Sometimes the more things change, the more they stay the same. Sure, there’s a lot of new stuff going on - social media and electric cars and drones - but in the end it all comes back to people, and how you make them feel. And sometimes the new technology doesn’t help.
When John wrote to the early church, a couple millennia of history had flowed by and, to those early Christians, it was a brand new world. Christ had come, sin and death had been defeated, the old law had been fulfilled and there was a new law of love. To them, the cross was as new and fresh as the Internet is to us. It was a time of new ways and new ideas.
Yet John, after telling the church that Christians will be marked by the way they obey Christ’s commands and by the way they imitate Christ, writes, “Dear friends, I am not writing you a new command but an old one, which you have had since the beginning. This old command is the message you have heard.” (1 John 2:7).
This new gospel, John says, and this new law of love, are really no different than the standard set at the very start. In the garden of Eden God made man and told him two things: obey God and be productive (by tending the garden). Now Jesus comes, and the new law of love and the core of the Gospel message is to obey Jesus, and be productive (by making disciples).

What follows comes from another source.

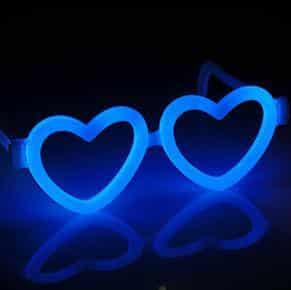 Briller Hjerteformet - Selvlysende glow stick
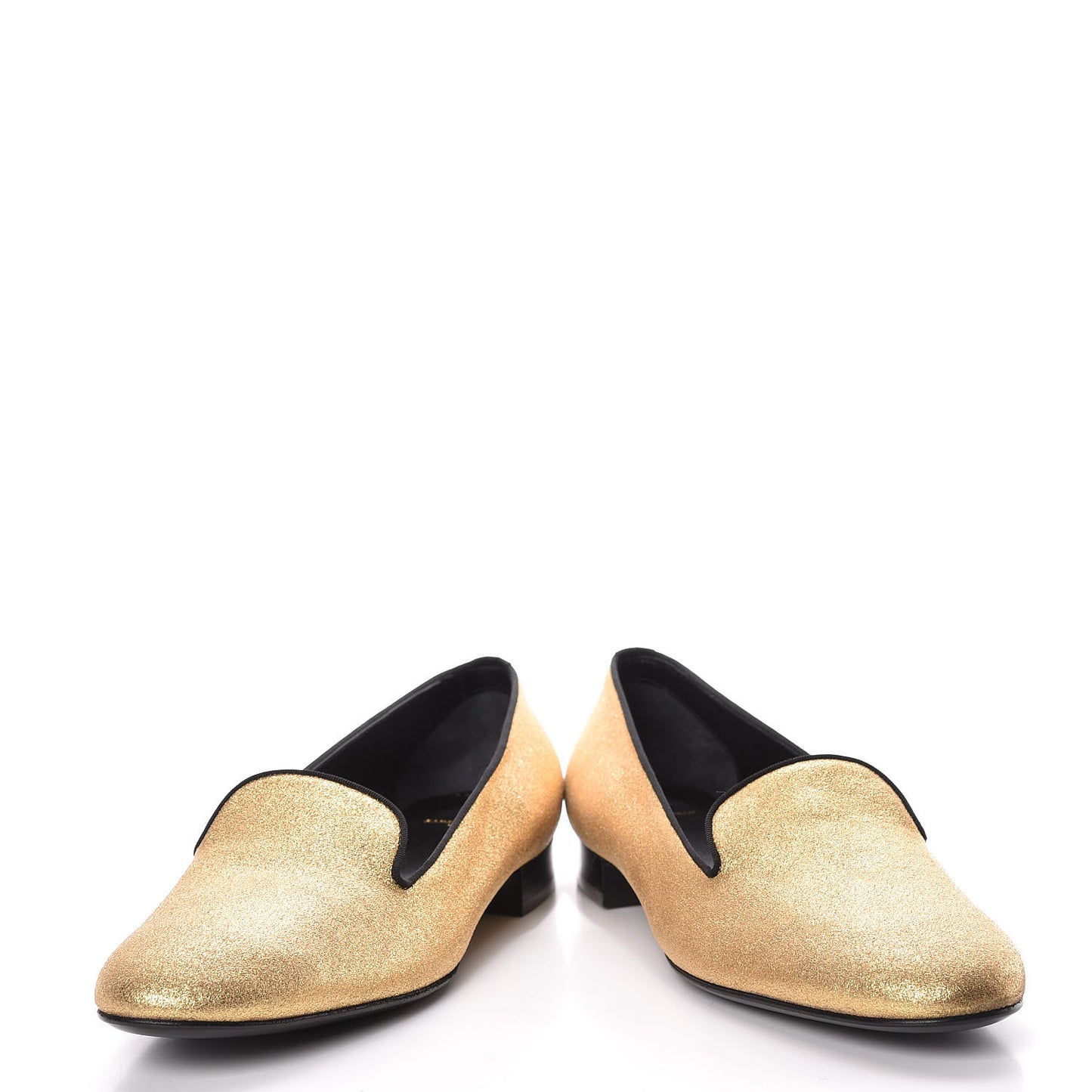 Metallic Calfskin Smoking Slipper Flat Loafers 39 Gold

Why would I expect anything different? After all, the entire point of Jesus’ sojourn on earth and sacrifice on the cross was to fix what Adam broke when he didn’t obey. It took those thousands of years for God’s plan to reset our relationship to be carried out, but God’s intent for that relationship never changed.
Jesus is now the risen Lord, but he wants from me the same things that God wanted from Adam: Obedience and productivity. Some things never change. Thankfully, one of those is God Himself.